• [Source material]
━━━━━━━━━━━━━━━━━━━━
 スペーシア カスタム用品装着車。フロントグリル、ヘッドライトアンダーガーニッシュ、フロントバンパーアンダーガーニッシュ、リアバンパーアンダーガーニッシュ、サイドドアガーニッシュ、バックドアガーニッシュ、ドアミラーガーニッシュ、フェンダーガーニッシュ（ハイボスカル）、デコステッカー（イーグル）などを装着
━━━━━━━━━━━━━━━━━━━━
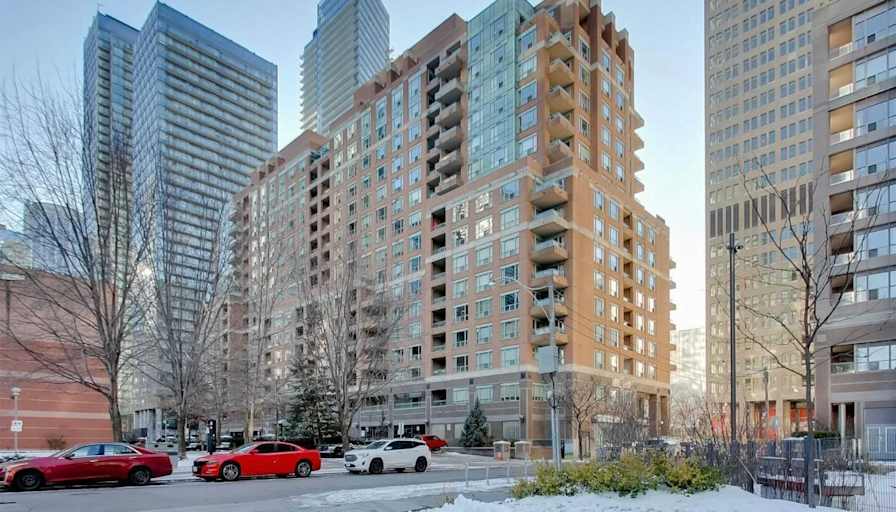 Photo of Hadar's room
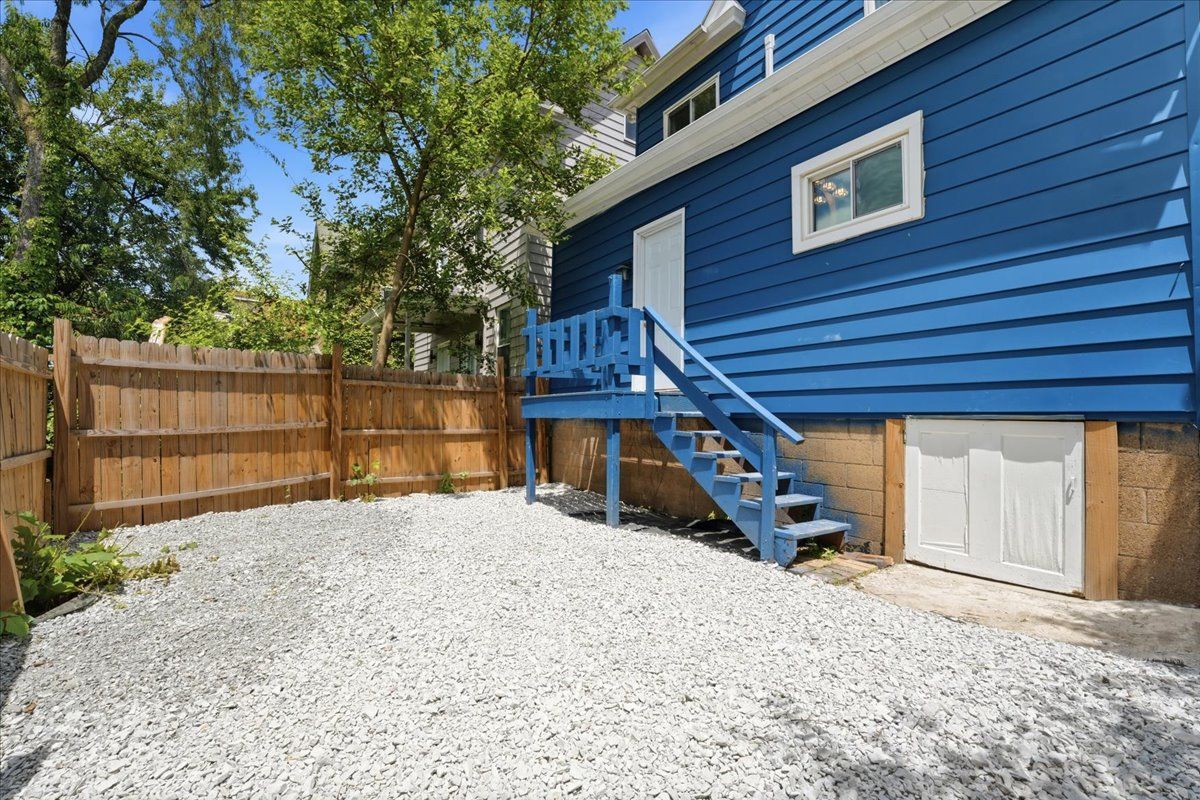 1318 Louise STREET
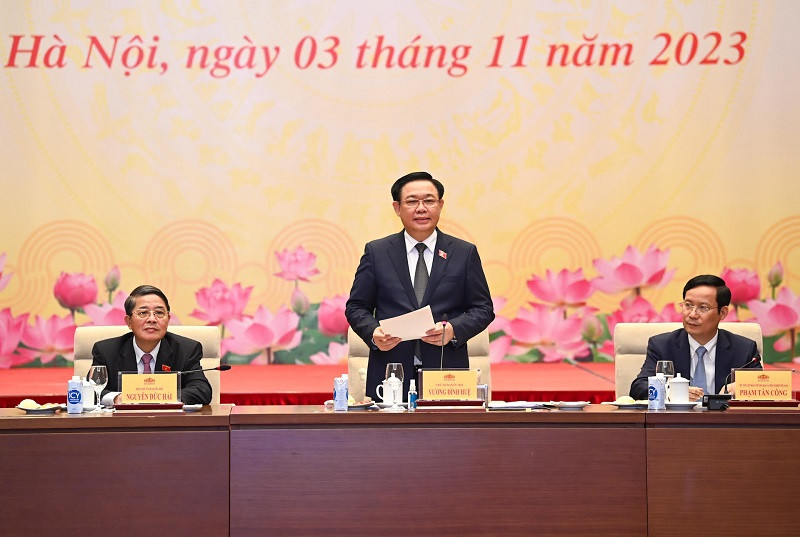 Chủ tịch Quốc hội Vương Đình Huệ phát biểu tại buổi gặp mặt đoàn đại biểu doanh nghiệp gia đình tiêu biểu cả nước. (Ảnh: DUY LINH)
━━━━━━━━━━━━━━━━━━━━
• [Exercise] Output exactly, and only, the lines of the entries above from the one with "Photo of Hadar's room" up to and including the one with "Chủ tịch Quốc"; pictures are to be left out.

• [Solution]
 Photo of Hadar's room
 1318 Louise STREET
 Chủ tịch Quốc hội Vương Đình Huệ phát biểu tại buổi gặp mặt đoàn đại biểu doanh nghiệp gia đình tiêu biểu cả nước. (Ảnh: DUY LINH)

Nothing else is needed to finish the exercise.